O vírus que tanto causa medo é o H5N1, uma cepa de alta patogenicidade da influenza, que causou a morte de cerca de 60 pessoas na Ásia desde 2003, levou ao sacrifício de milhões de aves e gerou embargos à carne de frango de países como a Tailândia. No mês passado, o vírus chegou à Sibéria, onde já matou milhares de aves, mas não afetou humanos. O temor, agora, é de que avance rumo à Europa, África e América do Norte, seguindo o fluxo das aves migratórias.

Na semana passada, o chefe do serviço veterinário do Ministério de Agricultura russo, Yevgeny Nepoklonov, pediu ajuda internacional para financiar luta contra a gripe aviária e evitar uma pandemia da doença. Ele argumentou que o vírus pode chegar à Europa e à América do Norte na próxima primavera, quando aves migratórias se dirigem para essas regiões.

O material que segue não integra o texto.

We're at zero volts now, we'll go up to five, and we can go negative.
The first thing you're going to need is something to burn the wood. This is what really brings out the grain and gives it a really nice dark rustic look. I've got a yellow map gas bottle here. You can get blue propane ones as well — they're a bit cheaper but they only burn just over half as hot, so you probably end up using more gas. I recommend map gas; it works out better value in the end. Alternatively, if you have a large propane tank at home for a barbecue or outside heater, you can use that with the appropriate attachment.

Depois da América do Norte, a próxima parada de aves como patos, marrecos e gansos é a América do Sul, respeitando o ciclo migratório dessas espécies. Assim, se a doença chegar à América do Norte, a luz amarela se acende para o Brasil, segundo o Departamento de Saúde Animal do Ministério.

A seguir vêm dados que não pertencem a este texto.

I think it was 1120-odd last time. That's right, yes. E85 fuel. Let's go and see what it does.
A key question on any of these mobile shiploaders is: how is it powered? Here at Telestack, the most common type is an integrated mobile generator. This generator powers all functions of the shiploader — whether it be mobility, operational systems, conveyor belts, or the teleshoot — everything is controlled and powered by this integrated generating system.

Se impedir o fluxo das aves é impossível, resta ao Ministério ter uma “ação rápida” caso a gripe aviária atinja o Brasil. Essa ação rápida incluiria sacrifício de aves, testes, restrições de trânsito dos animais, vazio sanitário da área afetada e vigilância, conforme a divisão do ministério. De qualquer forma, para que o governo possa agir rapidamente é preciso que os criadores de frango alertem as integradoras em caso de suspeitas da doença, observa a fonte. Às empresas caberia, no caso de o Brasil ser afetado, reforçar as medidas de biossegurança nas granjas, através, por exemplo, de vacinação das aves, fumigação dos criatórios.

Se não há como impedir o fluxo migratório, o governo tenta ao menos reduzir os riscos da influenza aviária identificando pássaros e coletando material para testes em regiões de de migração de aves, como Amapá, Pará, lençóis maranhenses, Rio Grande do Sul e a costa do Nordeste. Outra medida, que está em vigor, é banir a importação de aves e material genético de países que tiveram a doença, caso dos asiáticos.

Atualmente, o governo estuda proposta de regionalização da produção de aves no país feita pela iniciativa privada para evitar um eventual embargo de todo o Brasil.

Na UE, o comitê executivo decidiu não proibir a produção de aves em lugares abertos, para evitar a disseminação da gripe e prometeu mais fundos. “Queremos fazer o melhor para evitar a disseminação dessa epidemia devastadora para UE. Continuaremos a monitorar a situação de perto para assegurar que as medidas de redução de risco apropriadas estão em vigor”, disse o comissário de saúde Markos Kyprianou.